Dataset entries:
☆ ☆ ☆ ☆ ☆ ☆ ☆

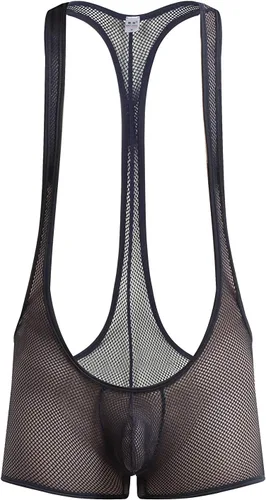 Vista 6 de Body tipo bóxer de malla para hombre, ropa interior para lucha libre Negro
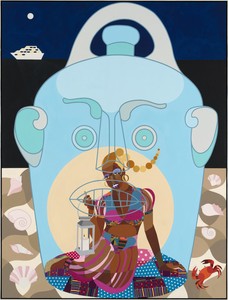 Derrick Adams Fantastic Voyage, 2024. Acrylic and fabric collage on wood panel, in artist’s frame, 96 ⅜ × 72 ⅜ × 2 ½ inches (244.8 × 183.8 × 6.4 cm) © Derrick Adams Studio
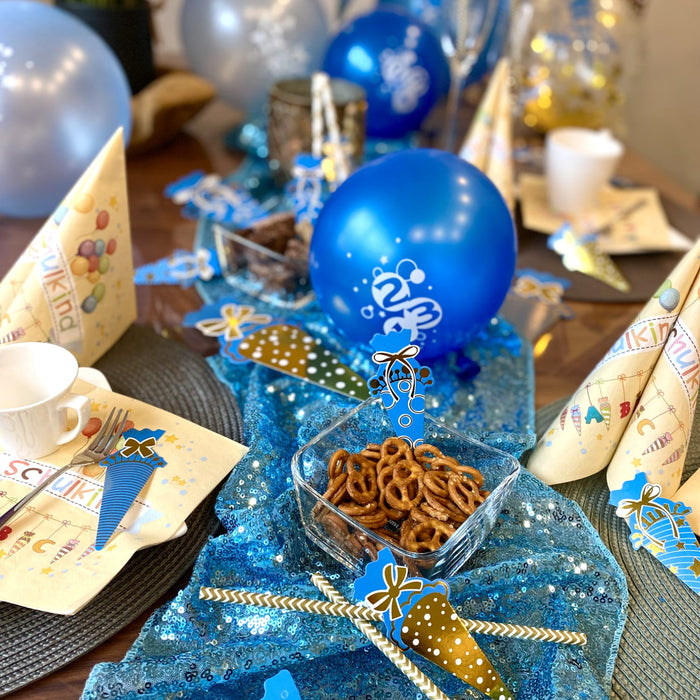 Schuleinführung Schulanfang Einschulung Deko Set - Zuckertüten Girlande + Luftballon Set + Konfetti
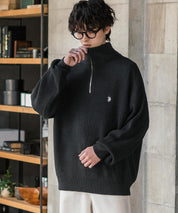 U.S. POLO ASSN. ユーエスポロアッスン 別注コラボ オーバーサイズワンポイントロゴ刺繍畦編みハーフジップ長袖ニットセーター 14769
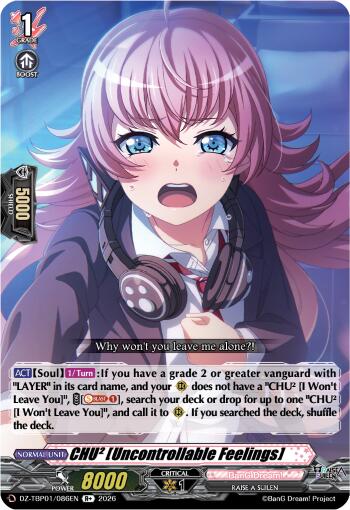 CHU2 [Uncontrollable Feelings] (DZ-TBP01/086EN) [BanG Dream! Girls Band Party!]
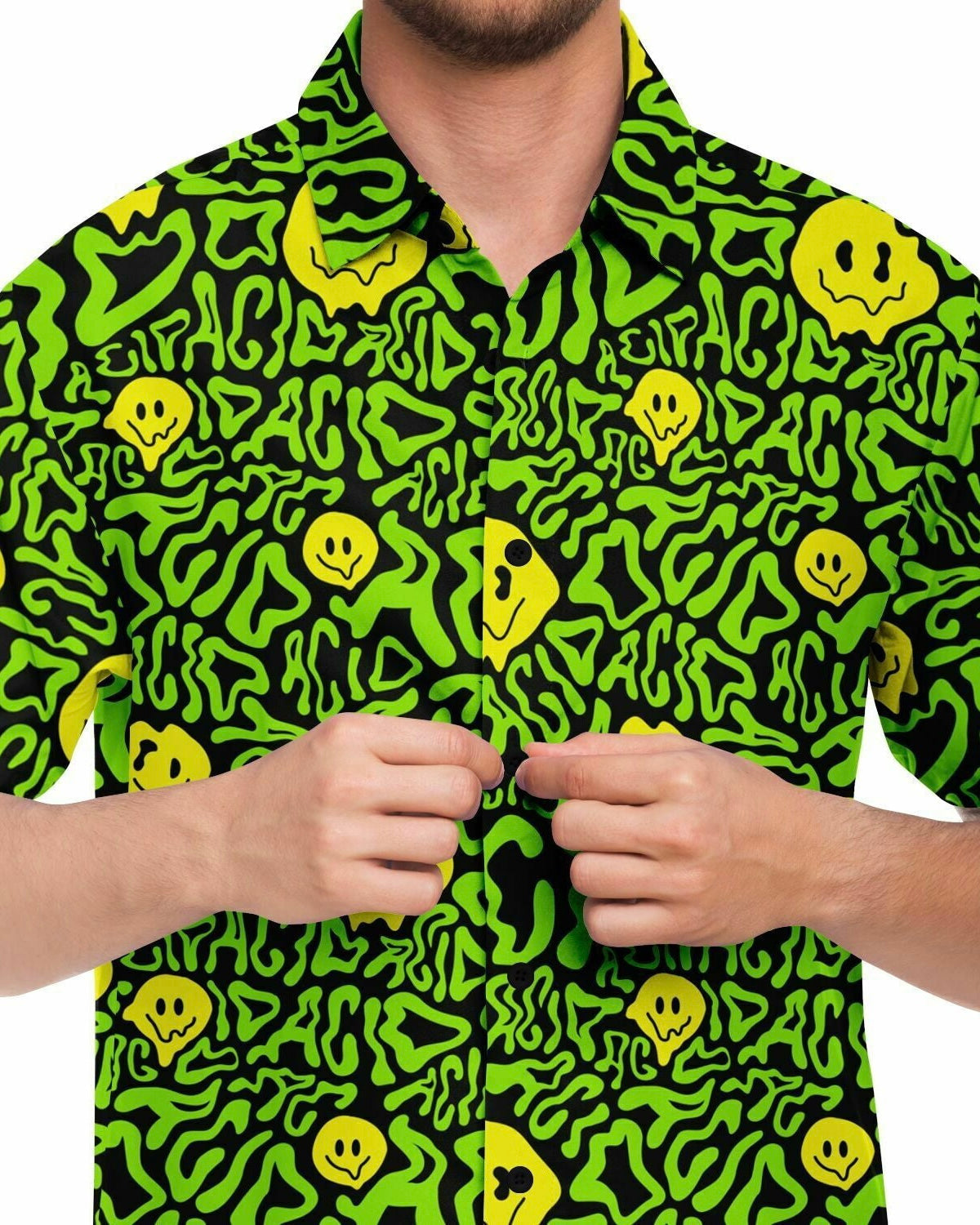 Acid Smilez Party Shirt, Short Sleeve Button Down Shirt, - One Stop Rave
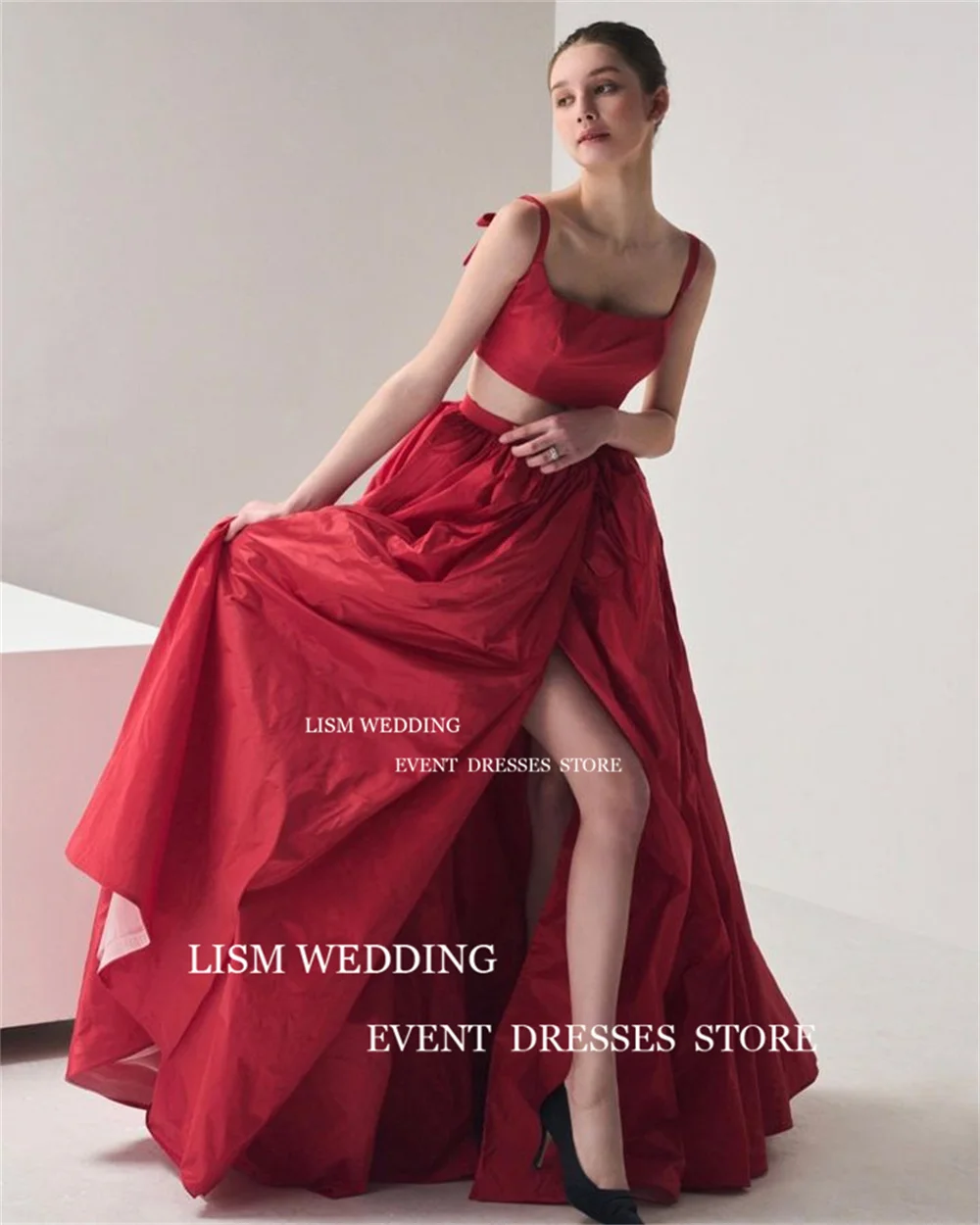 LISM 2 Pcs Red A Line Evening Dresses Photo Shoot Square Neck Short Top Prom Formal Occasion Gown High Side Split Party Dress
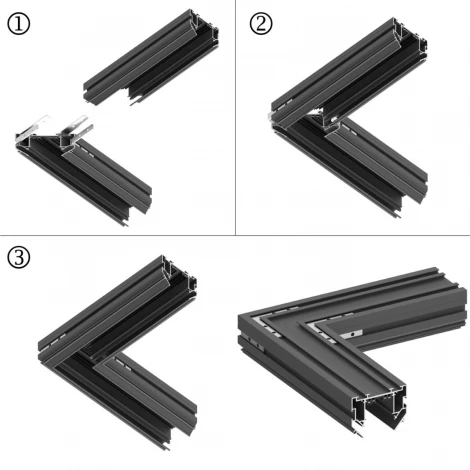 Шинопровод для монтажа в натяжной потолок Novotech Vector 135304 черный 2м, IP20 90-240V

☆ ☆ ☆ ☆ ☆ ☆ ☆

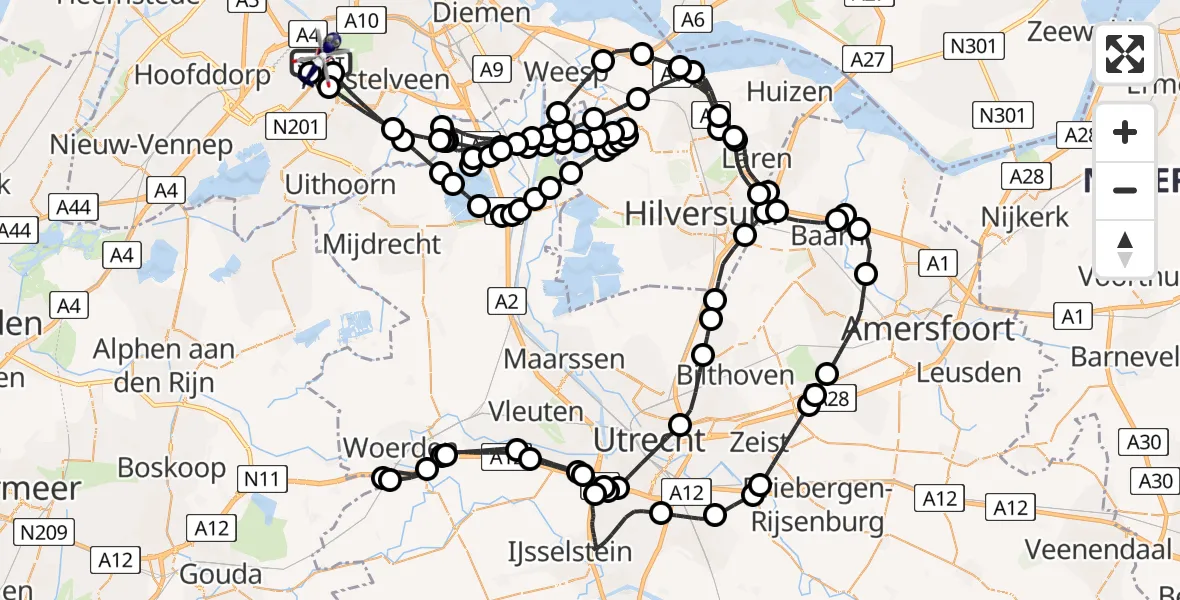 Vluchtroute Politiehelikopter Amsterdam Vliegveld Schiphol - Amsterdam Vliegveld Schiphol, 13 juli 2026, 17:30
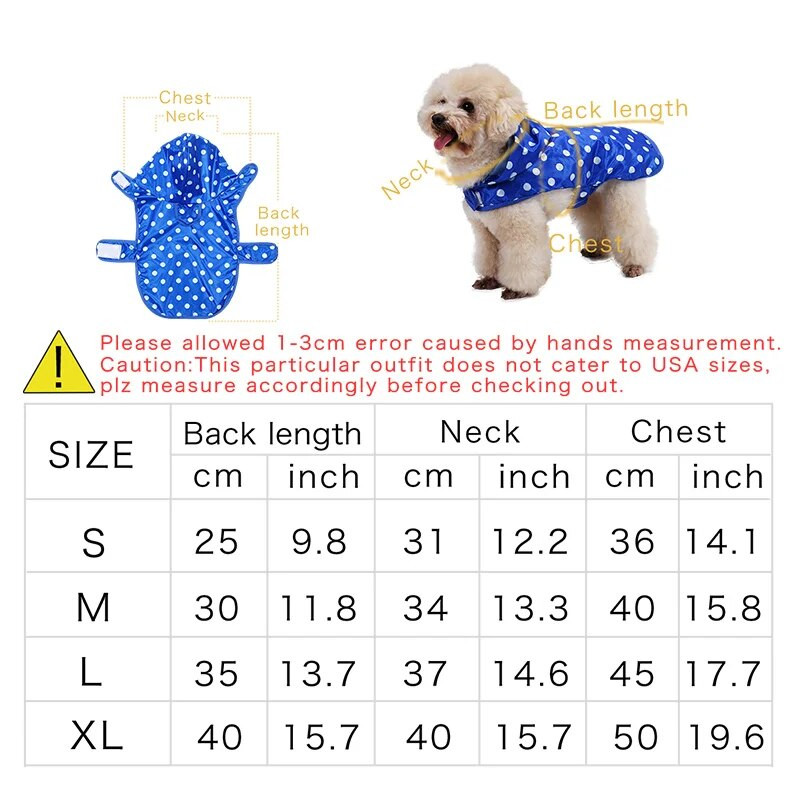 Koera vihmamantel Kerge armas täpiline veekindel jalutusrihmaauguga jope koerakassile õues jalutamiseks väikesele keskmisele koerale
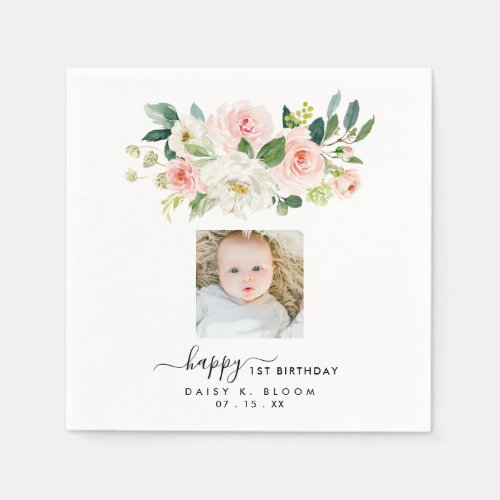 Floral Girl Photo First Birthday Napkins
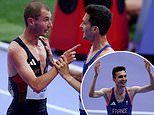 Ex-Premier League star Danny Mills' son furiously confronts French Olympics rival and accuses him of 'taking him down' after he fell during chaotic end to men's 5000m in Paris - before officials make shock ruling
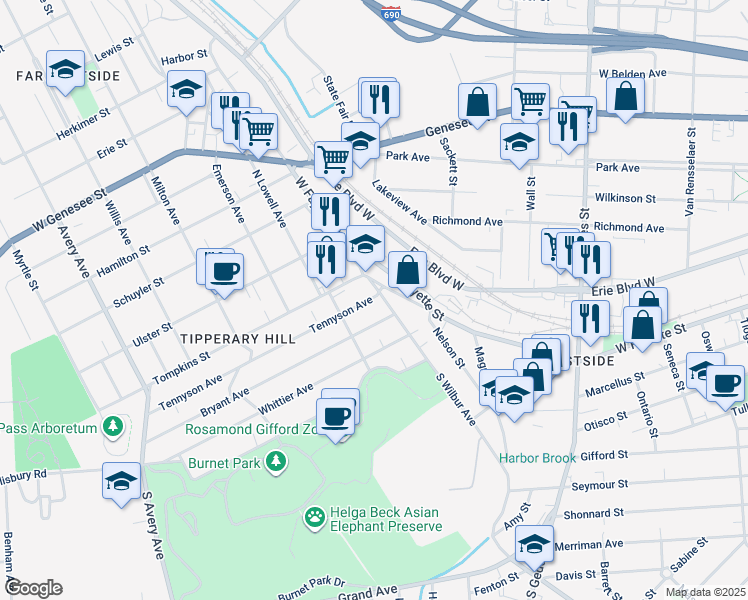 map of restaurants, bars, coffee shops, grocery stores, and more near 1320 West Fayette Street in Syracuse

☆ ☆ ☆ ☆ ☆ ☆ ☆

:: Work item ::
Once the line with "CHU2 [Uncontrollable Feelings]" is found above, transcribe each line from it through the line with "Acid Smilez Party", exactly, and omit the pictures.

:: Task solution ::
 CHU2 [Uncontrollable Feelings] (DZ-TBP01/086EN) [BanG Dream! Girls Band Party!]
 Acid Smilez Party Shirt, Short Sleeve Button Down Shirt, - One Stop Rave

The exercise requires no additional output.